- YOUR GOAL -
Return nothing but the lines from the one with "Kavos gėrimas NESCAFE, 3in1, STRONG, (10x16g), 160" through the one with "Stel je succes" in the data below, word for word and without pictures.

- TASK DATA -
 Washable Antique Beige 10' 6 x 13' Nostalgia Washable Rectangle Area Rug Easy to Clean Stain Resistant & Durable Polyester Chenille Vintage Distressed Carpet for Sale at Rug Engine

---

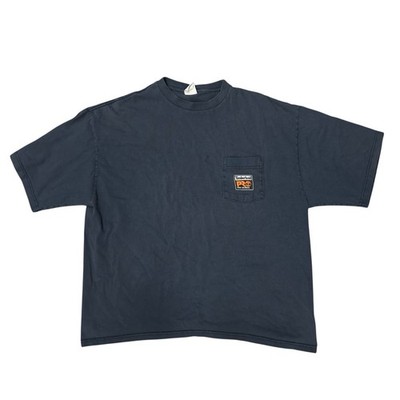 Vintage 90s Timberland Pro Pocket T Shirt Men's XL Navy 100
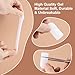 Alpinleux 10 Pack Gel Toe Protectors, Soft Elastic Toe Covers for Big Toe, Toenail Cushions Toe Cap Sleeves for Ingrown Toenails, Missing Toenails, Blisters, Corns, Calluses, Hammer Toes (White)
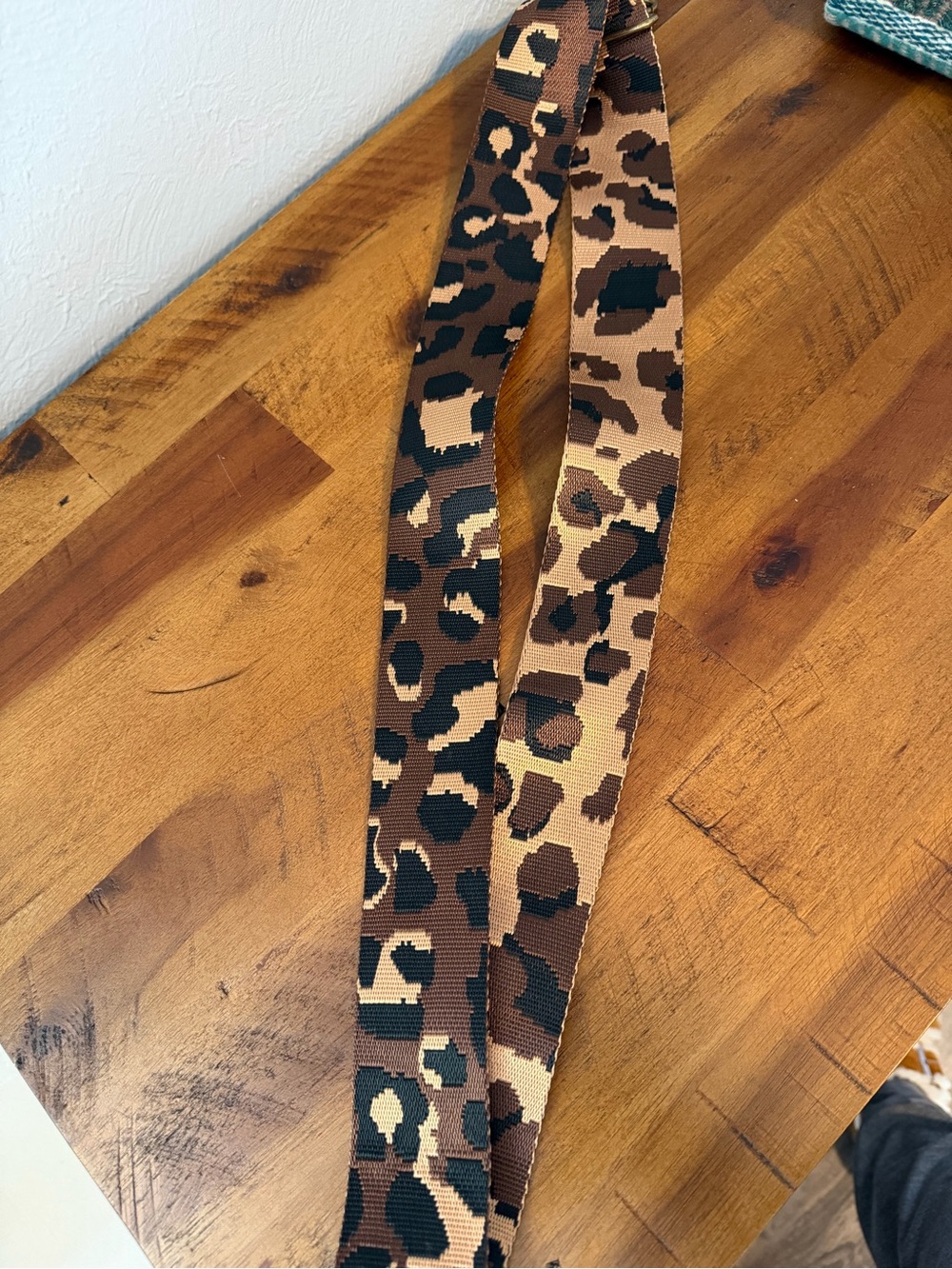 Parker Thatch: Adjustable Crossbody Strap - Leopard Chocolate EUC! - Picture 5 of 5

...

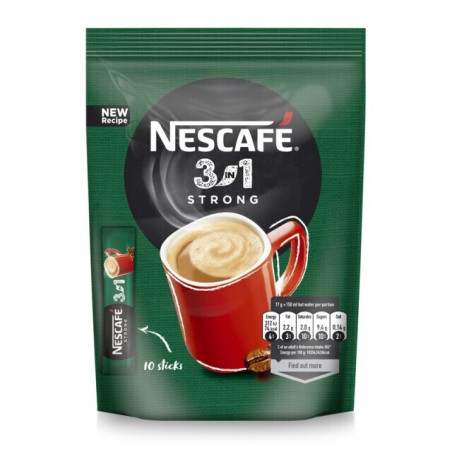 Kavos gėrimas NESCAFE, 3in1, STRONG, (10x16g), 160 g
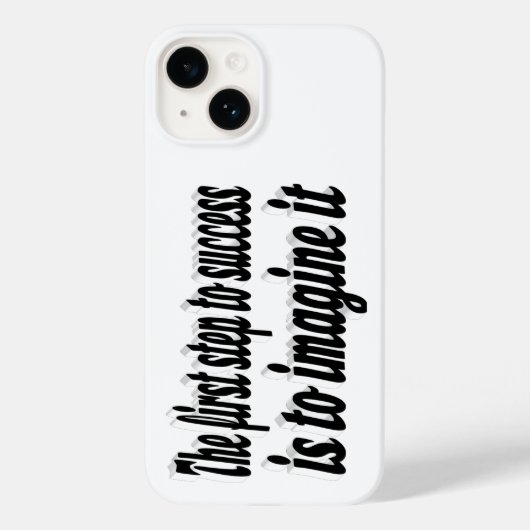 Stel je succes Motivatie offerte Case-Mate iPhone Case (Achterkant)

- SOLUTION -
 Kavos gėrimas NESCAFE, 3in1, STRONG, (10x16g), 160 g
 Stel je succes Motivatie offerte Case-Mate iPhone Case (Achterkant)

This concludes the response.